Input data:

================

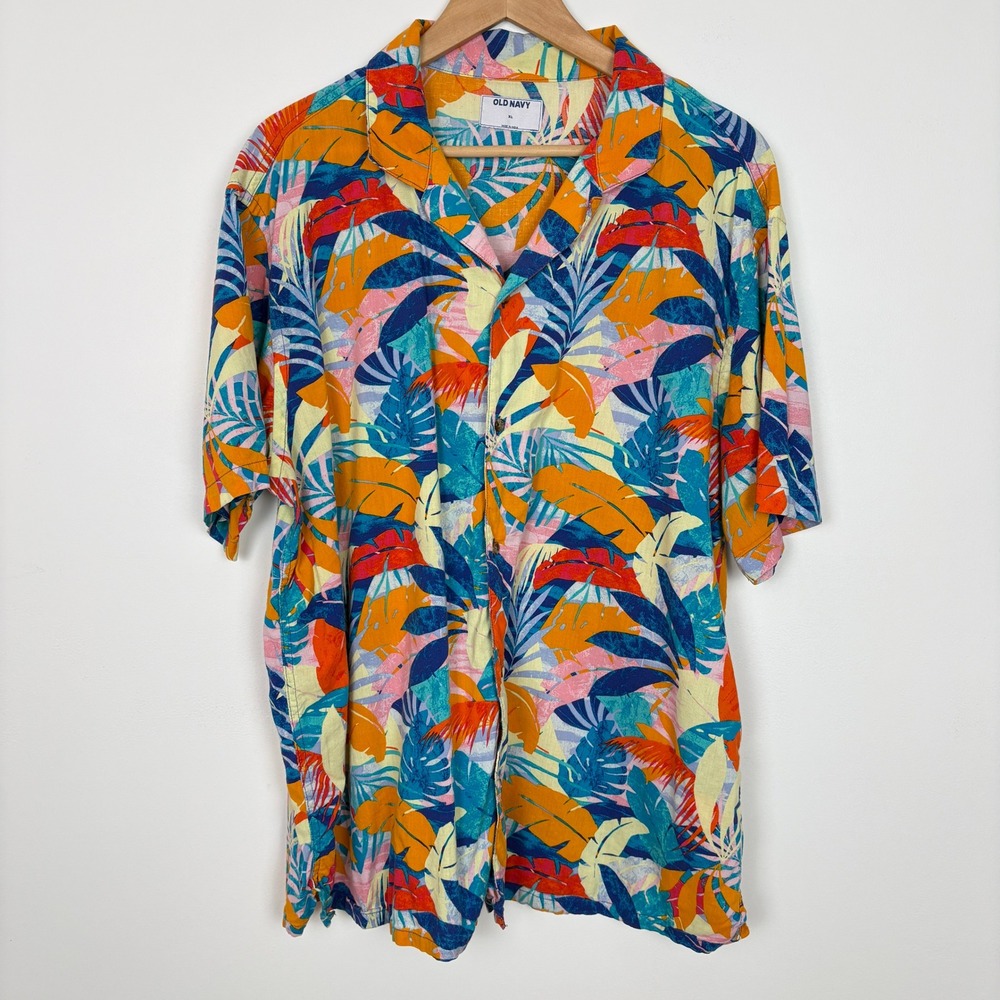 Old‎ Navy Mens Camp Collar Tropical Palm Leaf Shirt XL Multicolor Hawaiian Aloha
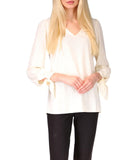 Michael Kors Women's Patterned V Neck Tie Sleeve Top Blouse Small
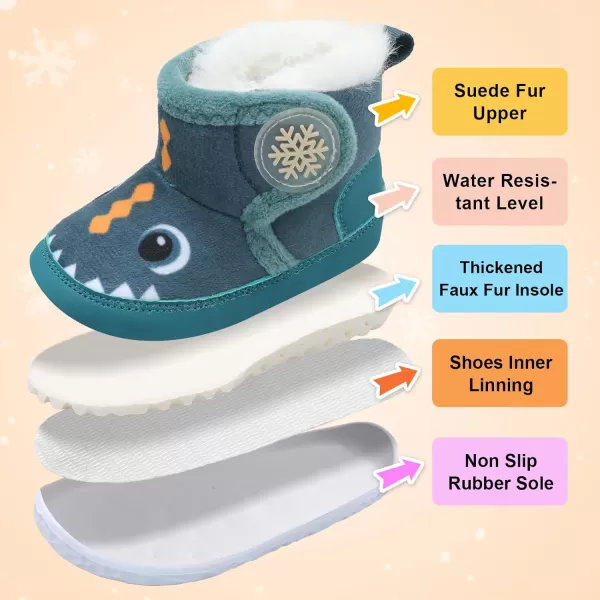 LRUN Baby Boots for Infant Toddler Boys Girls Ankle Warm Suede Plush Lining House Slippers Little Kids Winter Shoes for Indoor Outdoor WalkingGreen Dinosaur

================

What you will do: Exact copy, no pictures: please print the data above once more.

Answer area:
 Old‎ Navy Mens Camp Collar Tropical Palm Leaf Shirt XL Multicolor Hawaiian Aloha
 Michael Kors Women's Patterned V Neck Tie Sleeve Top Blouse Small
 LRUN Baby Boots for Infant Toddler Boys Girls Ankle Warm Suede Plush Lining House Slippers Little Kids Winter Shoes for Indoor Outdoor WalkingGreen Dinosaur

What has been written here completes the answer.